Comments insterspersed throughout.

On Sun, 3 Jun 2007, Les wrote:

On Fri, 2007-06-01 at 19:02 -0400, Matthew Saltzman wrote:
On Fri, 1 Jun 2007, Les wrote:

On Fri, 2007-06-01 at 07:36 -0400, Matthew Saltzman wrote:

I know why their programs failed.  I also know that C uses a pushdown
                                                      ^some particular
                                                       implementations of
stack for variables in subroutines.  You can check it out with a very
simple program using pointers:

   #include <sttlib.h>

   int i,j,k;

   main()
   {
       int mi,mj,mk;
       int *x;
       mi=4;mj=5;mk=6;
       x=&mk;
       printf ("%d  %d  %d\n",*x++,*X++;*X++);
       x=&i;
       printf ("%d  %d  %d\n",*x++,*x++,*x++);
       i-1;j=2;k=3;
       printf ("%d  %d  %d\n",*x++,*x++,*x++);
 )

Just an exercise you understand.  compile and run this with several c
packages, or if the package you choose supports it, have it compile K&R.
and try it.

Of course, several constructs here are undefined, so there is no such
thing as "correct" or "incorrect" behavior.

After correcting obvious typos and adding #include <stdio.h> so it would
compile, I got (using gcc-4.1.1-51.fc6 with no options):

     $ ./a.out
     5  4  6
     0  0  0
     0  0  0

OOPS, forgot to reset the X pointer between the last two print
statements.  This bit of code is intended to show that globals are on a
heap and locals are on a stack.

Fixed that.  Now I get:

$ ./a.out
5  4  6
0  0  0
0  2  1

But I confess, I don't see how this code proves your point.  It does
demonstrate that globals are initialized by default, though.
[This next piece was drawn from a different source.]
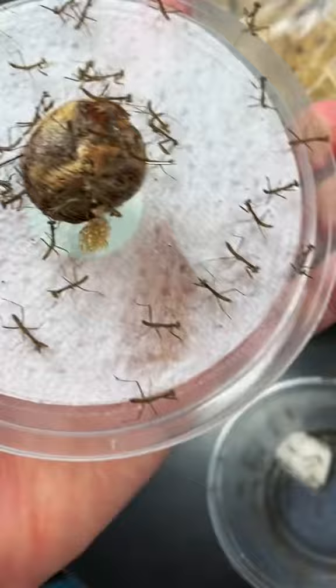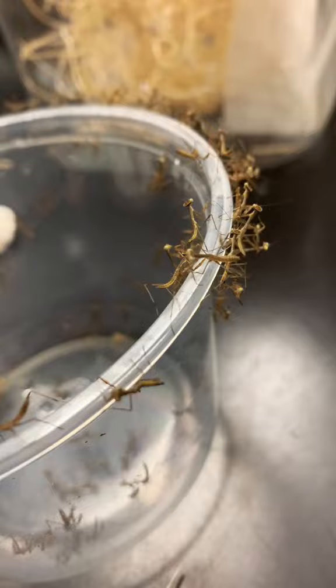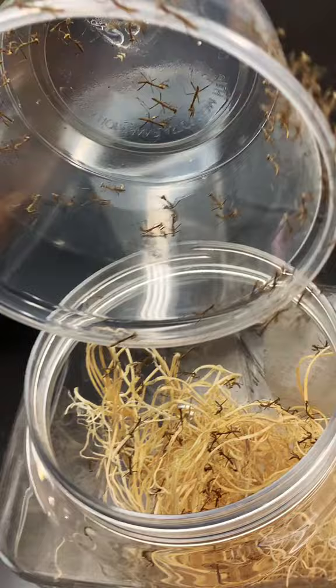Once they hatch, we're going to go ahead and move them into community enclosures. A lot of them won't survive until the first molt, so this just makes it easier for us to keep track of them, and it also allows for a little competition because we really don't need all these mantids.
Actually, it doesn't.  And this is the problem.  Many people assume that

Note I said "demonstrate", not "prove". For a math teacher, there's an important distinction 8^).

because they obtained 0 one time, that the value was set in memory by
some behind the scenes action of the compiler.  In fact the memory could
have been set by any of a number of actions.  Some memory chips start
with all data zero'ed (at the output, at the physical layer the
construction is designed to minimize current drain and transitions, but
that is another topic entirely.)  In that case, if power had been off
all memory not explicitly set would be zero by default.  Another
situation is when a memory checker runs, and leaves memory in a zero
state (most do by design).  Thus if the compiler doesn't initialize
                                   ^^^^^^^^^^^^^^^^^^^^^^^^^^^^^^^^^^
memory, and the memory where the code is placed has not been used in a
  ^^^^^^

But this is the key: In the absence of an explicit initializer, an ISO-compliant compiler *must* generate code to properly initialize static memory (not automatic or dynamic memory) just as if the default initializer had been provided explicitly.

Proper initialization means that floats and doubles must be initialized to 0.0 and pointers must be initialized to the null pointer value, even if those bit patterns differ from all-bits-zero. (calloc() must initialize its memory to all-bits-zero.)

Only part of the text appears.